The values of \(\Delta\) in the null model games are much larger at all depths than in the real case. This is clearly evidenced in the plot of \(\big \langle \Delta \big \rangle\) vs. d in Fig. 6c. In this case, we can see that the curve associated with RW takes values up to four times higher than the curve associated with FIDE. Likewise, the curve associated with lower-level players is significantly higher than that of elite players and much lower than for the null model. In Fig. 6d, we show the evolution of the standard deviation estimator, \(\sigma _{\Delta }\), as a function of depth. For all values of d, we see that the standard deviation increases as the competitive level decreases.
The results indicate that when the level of the players increases, the values of \(\big \langle \Delta \big \rangle\), as well as their fluctuations, decrease independently of the game depth. This reduction of \(\big \langle \Delta \big \rangle\) has two main effects: (i) Keeping low values of \(\Delta\) reduces the advantage that the opponent player can take in the next move; (ii) As observed in Fig. 5c, d, the accuracy of the players is reduced if the values of \(\Delta\) are low, hence the opponents are vulnerable to make more mistakes.
The reduction of \(\big \langle \Delta \big \rangle\) and the two related effects are emerging properties of well-played games rather than the conscious choice of the players. However, to introduce a model for the games, we can think of this as a strategy executed by good players. We can say that elite players, being better trained, can execute this strategy more effectively.
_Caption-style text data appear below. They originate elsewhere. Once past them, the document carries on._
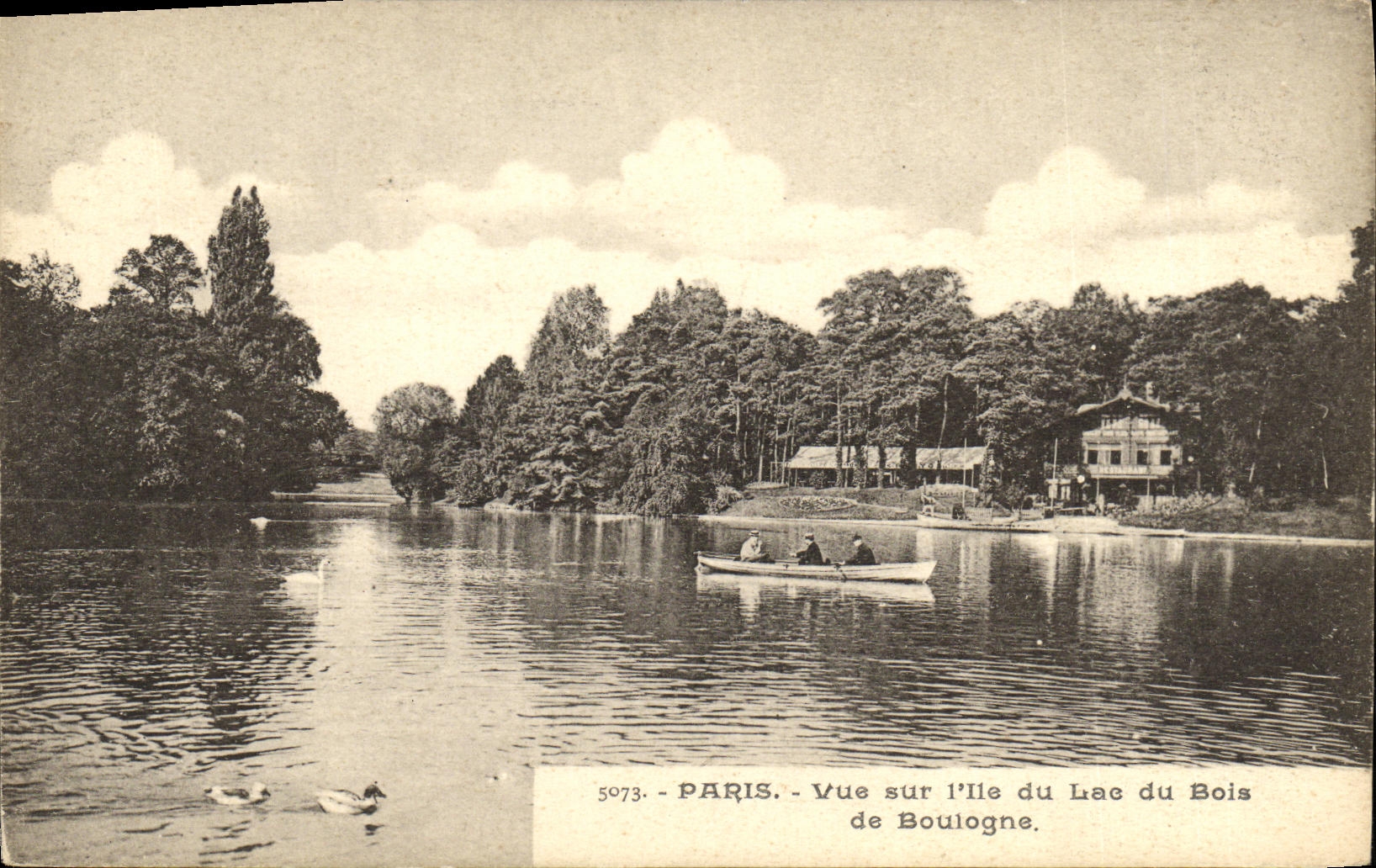 CPA Paris Vue Sur I lle Du Lac du Bois de Boulogne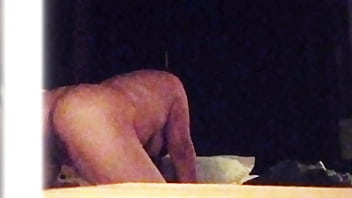 Enquanto isto no escurinho completo no red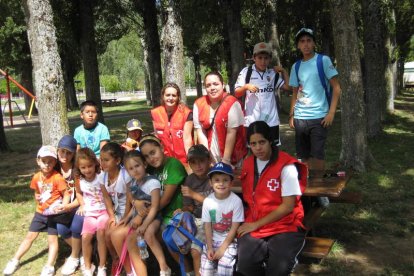 Los participantes en la ludoteca.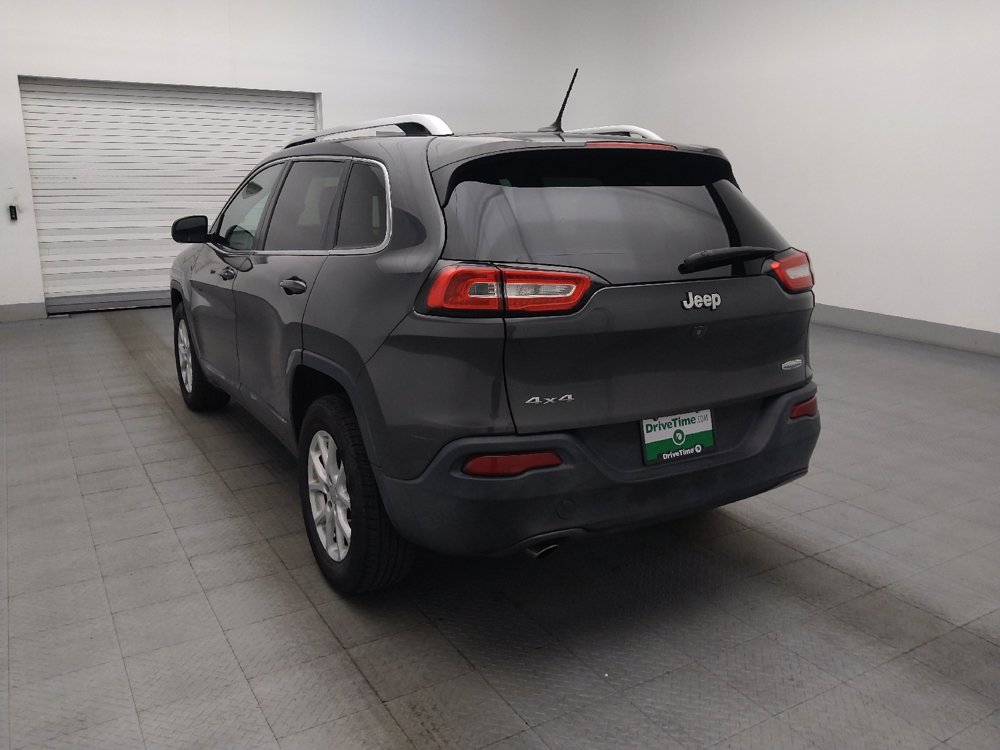 Used 2015 Jeep Cherokee Latitude AWD/4WD image 5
In this way, we can explain that the curves of \(\big \langle \Delta \big \rangle\) and \(\sigma _{\Delta }\) of high-level players decrease as compared to lower-level players. Random games in which players make moves without any criteria are equivalent to the lowest competitive level, hence as expected the curves increase.
A simple model for decision making process
The aim of this section is to integrate the empirical information gathered in our work and propose a toy model to simulate the decision-making process in the game. It is important to clarify that the model does not attempt to capture all the complexity inherent in the process, but rather to show that there are simple mechanisms that can explain the emergence of the global statistics we observe. The model is based on an agent that performs a walk in a complex tree. Starting from the root node and moving to the deepest level of the tree, the agent advances one node per time step. At each node of the tree, the agent has to decide which branch to continue with. This mechanism emulates players deciding which move to make. We propose that the number of branches in the tree follows a normal distribution, as is the case in the real tree (see Fig. 1b). However, due to obvious computational limitations, we will use smaller trees than the real one, while maintaining approximately the relationship \(\big \langle \mu \big \rangle /\sigma _{\mu }\) for greater structural similarity. Each node of the tree is associated with a random value of \(\Delta\). Upon reaching a node, the walkers use these values to decide which branch to continue based on the following algorithm:
-
1.
The walker reaches a node at depth d with \(\mu\) outgoing branches.
-
2.
It takes the values \(\Delta _i\), \(i=0,...,\mu\), from its neighbors at depth \(d+1\),
-
(a)
If \(d<d^{*}\), it assigns the nodes a probability \(p_i\propto \Delta _i^{-1}\), and uses this probability to decide which node to continue its walk on.
-
(b)
If \(d>d^{*}\), it chooses the neighbor with the smallest value of \(\Delta\) and continues its walk through that node.
-
(a)
-
3.
The procedure is repeated until reaching the deepest level of the tree, \(d=D\).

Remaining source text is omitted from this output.